**Your goal**. Exactly the lines below, starting with the one containing "DETROIT, MI - NOVEMBER" and going on through the one containing "Wine glasses being", must be reproduced, both ends included, and no pictures with them.

Data for analysis Start Marker

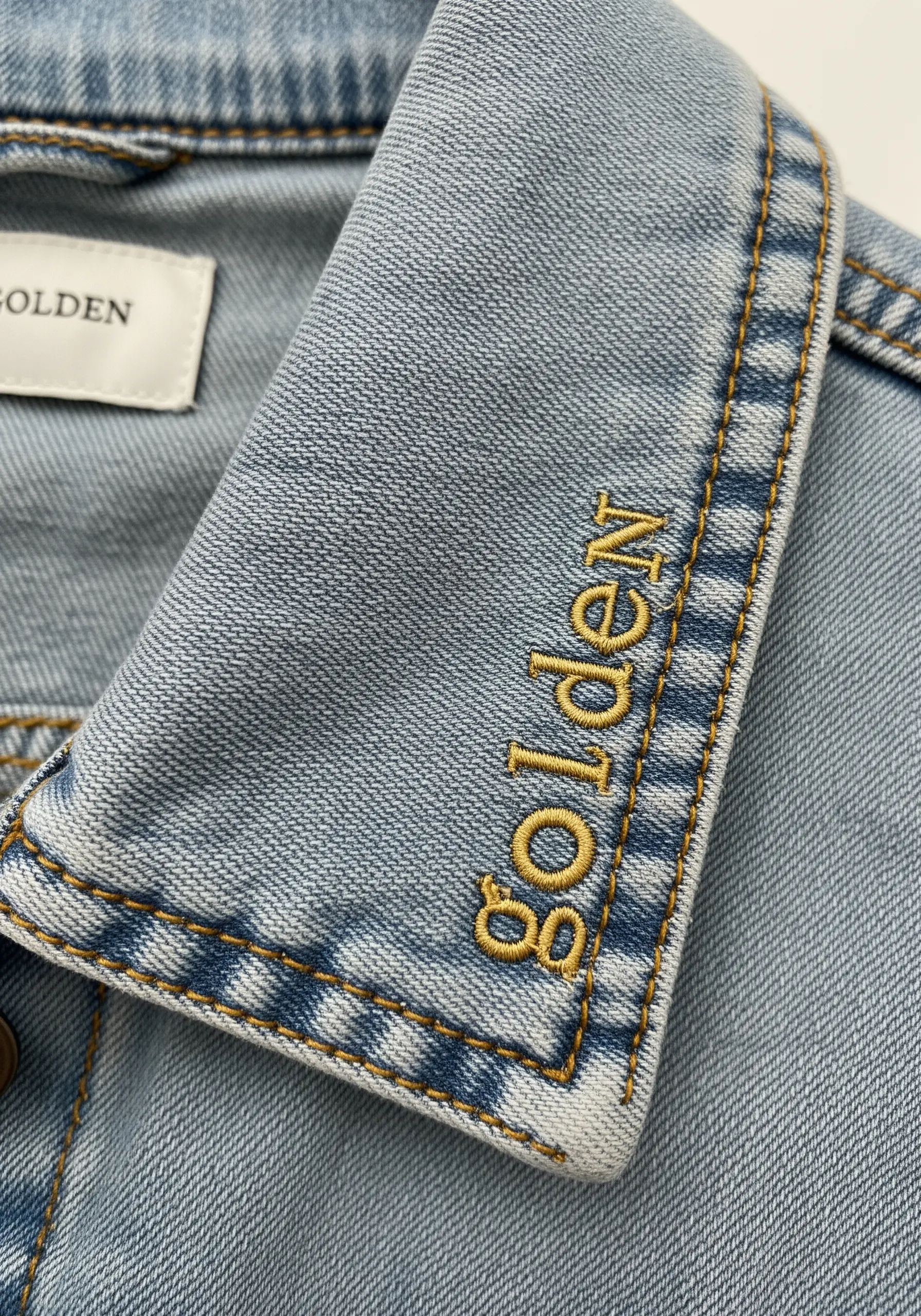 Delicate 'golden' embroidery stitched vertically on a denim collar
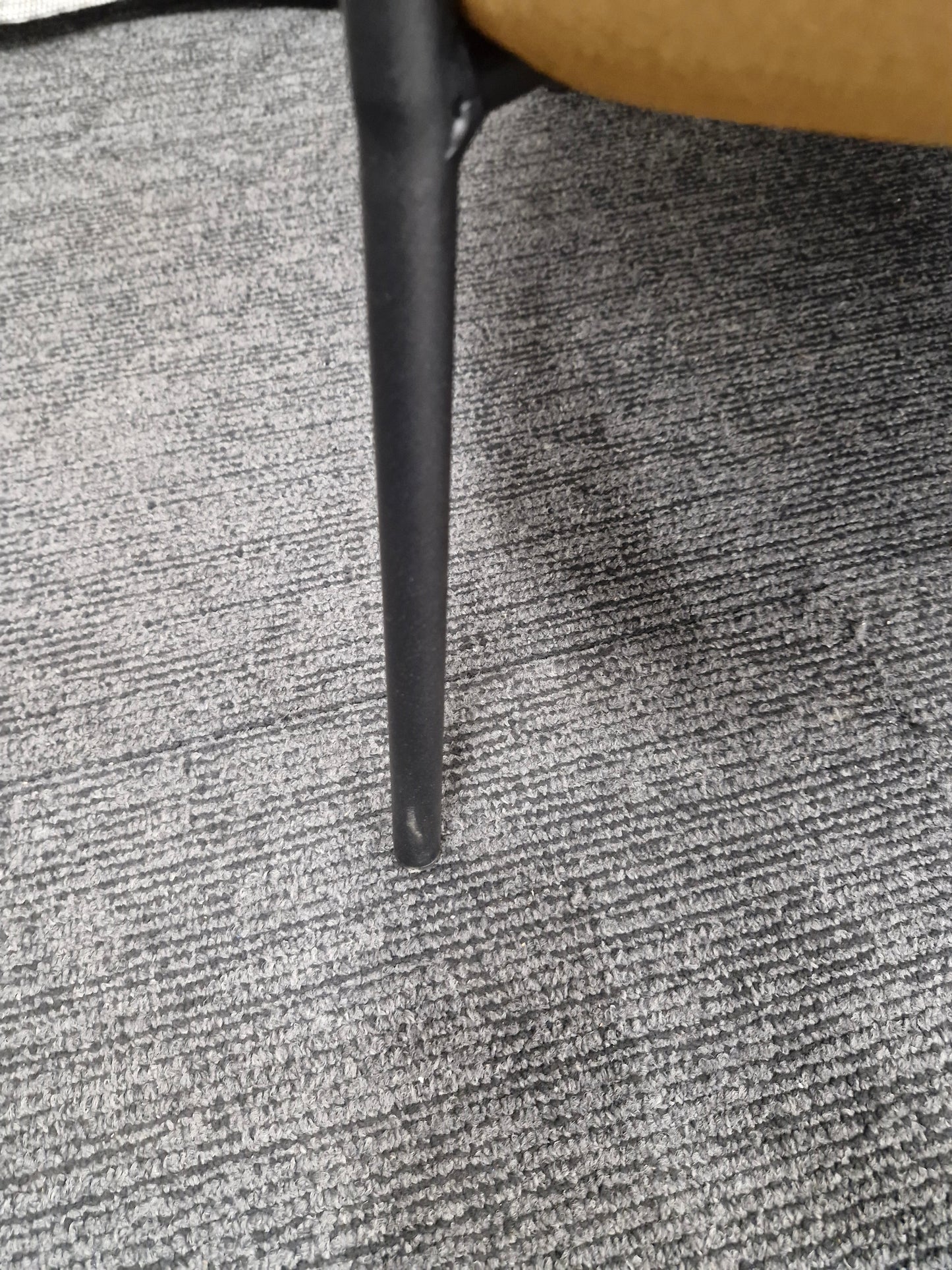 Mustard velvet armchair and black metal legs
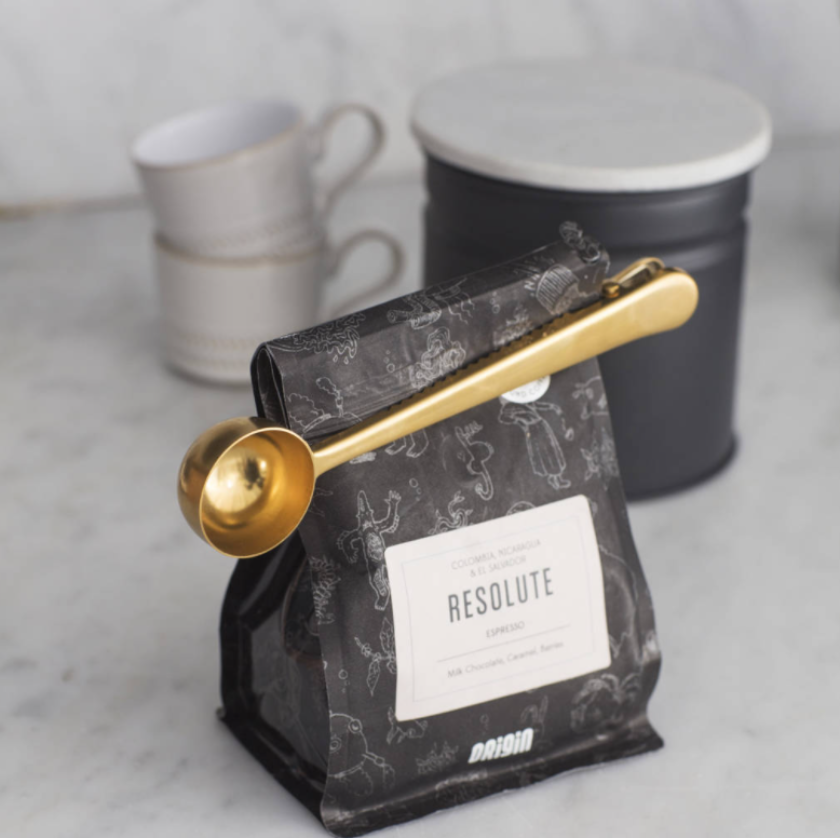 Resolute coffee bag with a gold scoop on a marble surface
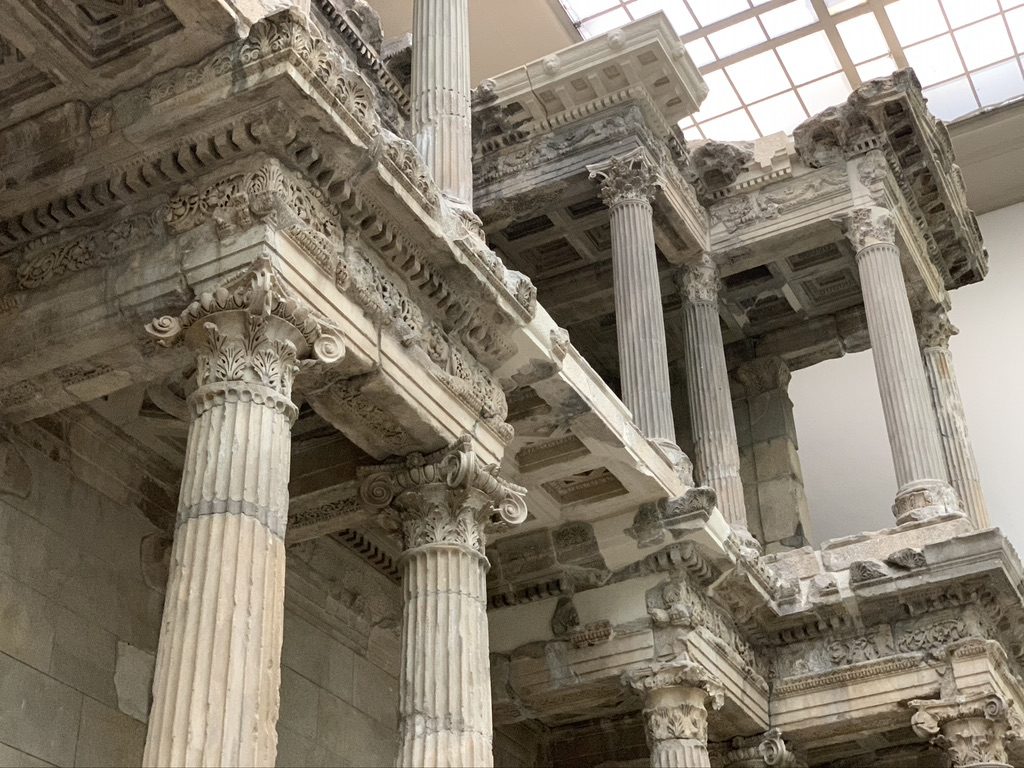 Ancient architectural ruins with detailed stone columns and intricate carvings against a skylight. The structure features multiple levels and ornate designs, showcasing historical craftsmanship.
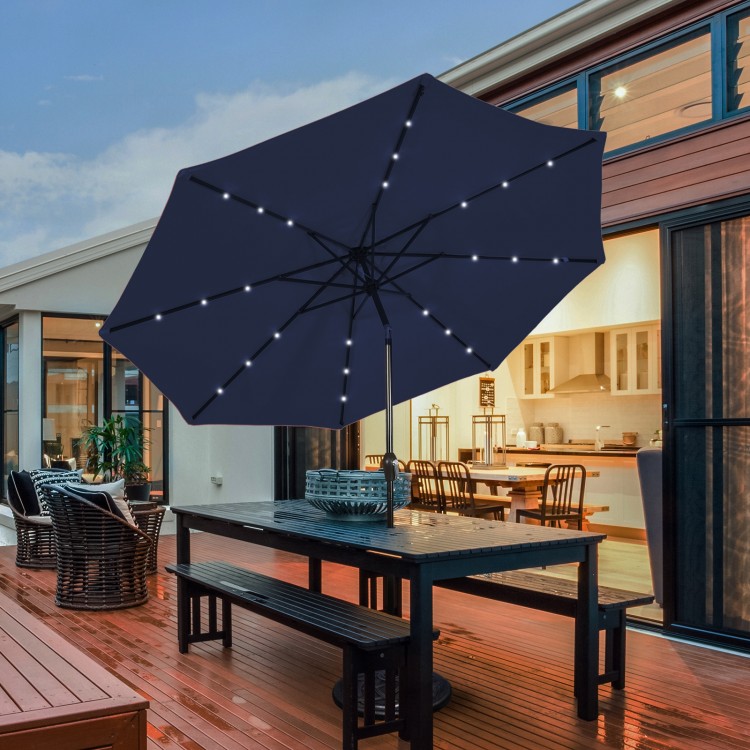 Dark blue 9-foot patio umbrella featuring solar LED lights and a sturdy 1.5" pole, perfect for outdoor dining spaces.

Data for analysis End Marker
Data for analysis Start Marker

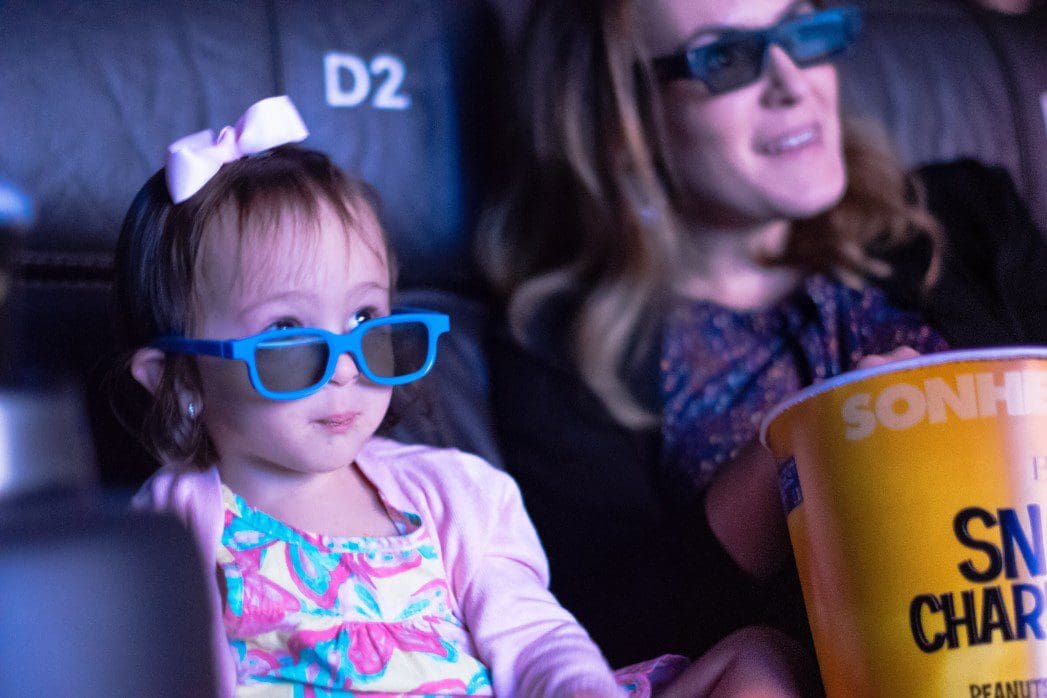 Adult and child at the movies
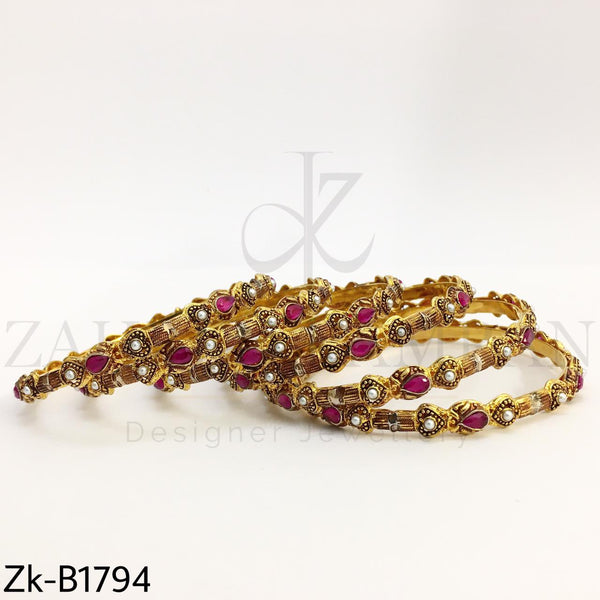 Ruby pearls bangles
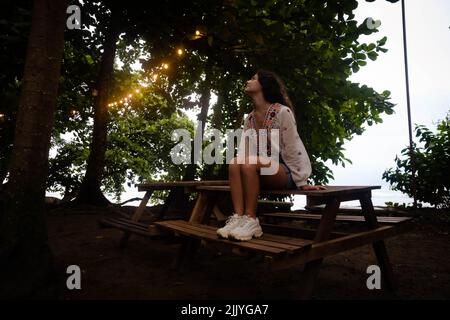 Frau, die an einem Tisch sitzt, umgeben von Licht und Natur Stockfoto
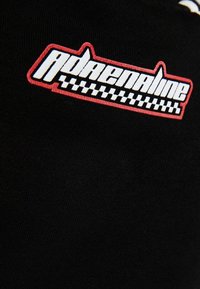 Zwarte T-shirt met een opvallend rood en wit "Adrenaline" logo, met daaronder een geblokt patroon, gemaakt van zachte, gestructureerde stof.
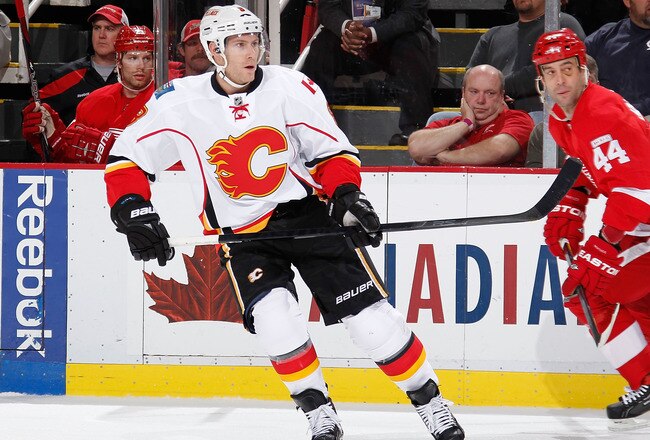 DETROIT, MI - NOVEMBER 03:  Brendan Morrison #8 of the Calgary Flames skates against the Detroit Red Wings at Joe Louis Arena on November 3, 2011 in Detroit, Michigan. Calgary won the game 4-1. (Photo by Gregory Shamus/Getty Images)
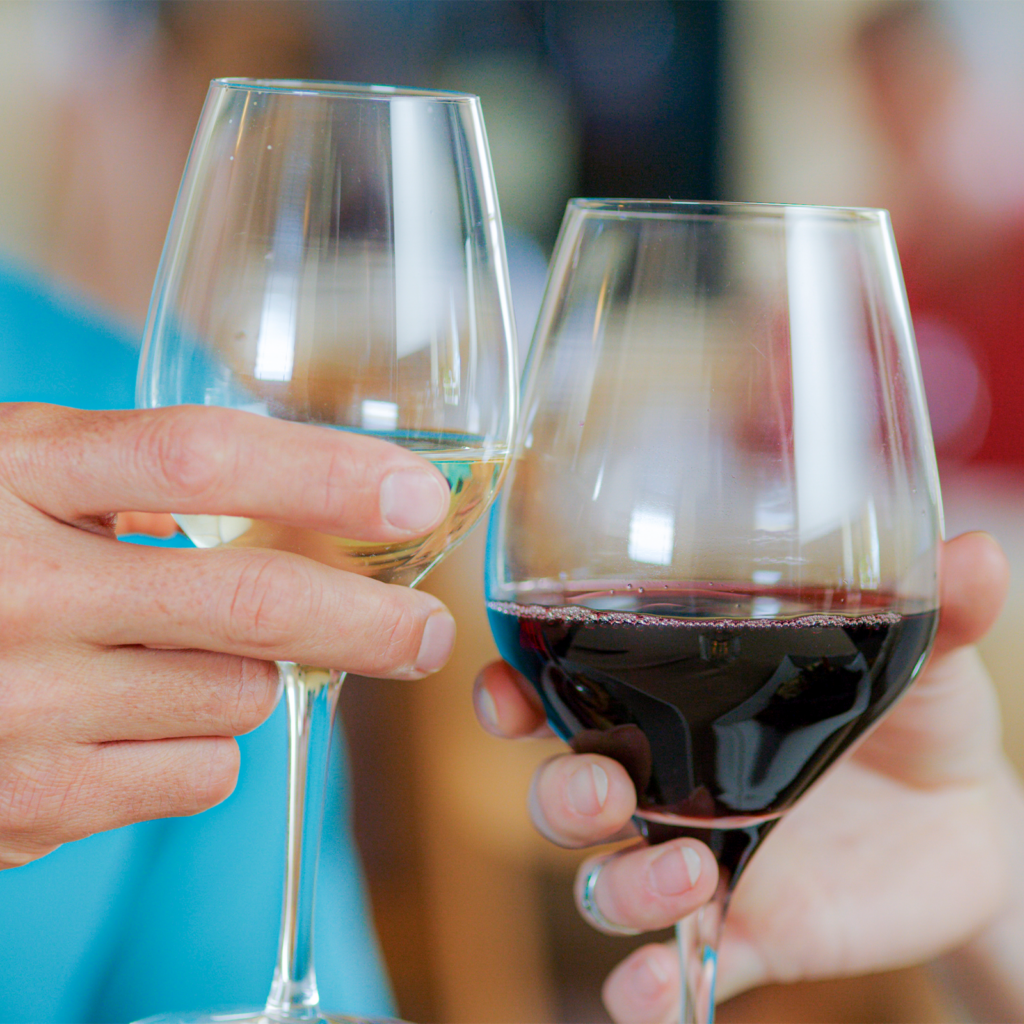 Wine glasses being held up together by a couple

Data for analysis End Marker
Data for analysis Start Marker

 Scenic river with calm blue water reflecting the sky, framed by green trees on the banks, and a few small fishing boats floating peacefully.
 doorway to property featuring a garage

Data for analysis End Marker

**Solution for this problem**.
 DETROIT, MI - NOVEMBER 03:  Brendan Morrison #8 of the Calgary Flames skates against the Detroit Red Wings at Joe Louis Arena on November 3, 2011 in Detroit, Michigan. Calgary won the game 4-1. (Photo by Gregory Shamus/Getty Images)
 Wine glasses being held up together by a couple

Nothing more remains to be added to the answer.